START Records supplied

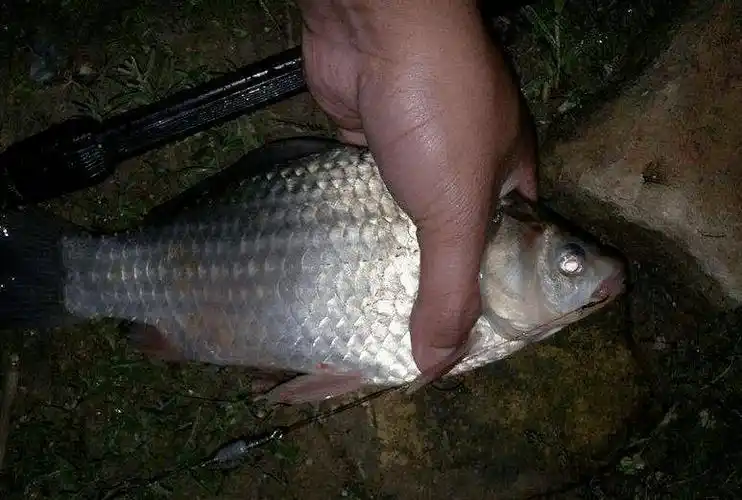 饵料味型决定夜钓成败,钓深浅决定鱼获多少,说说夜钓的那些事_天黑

END Records supplied
START Records supplied

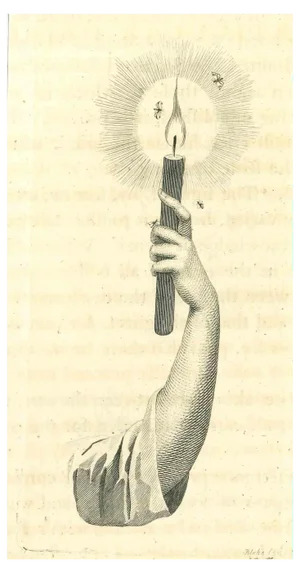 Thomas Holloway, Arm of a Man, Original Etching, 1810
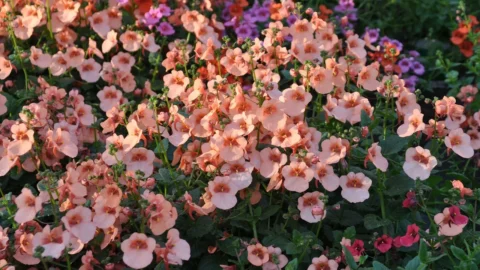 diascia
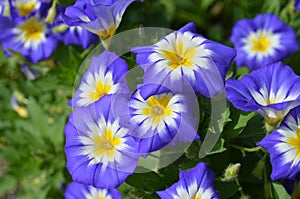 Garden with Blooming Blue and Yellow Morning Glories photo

END Records supplied

Exercise: From the material above, reproduce only what runs from the line holding "Thomas Holloway, Arm" down to the line holding "Garden with Blooming", both included, pictures excluded.

Answer section:
 Thomas Holloway, Arm of a Man, Original Etching, 1810
 diascia
 Garden with Blooming Blue and Yellow Morning Glories photo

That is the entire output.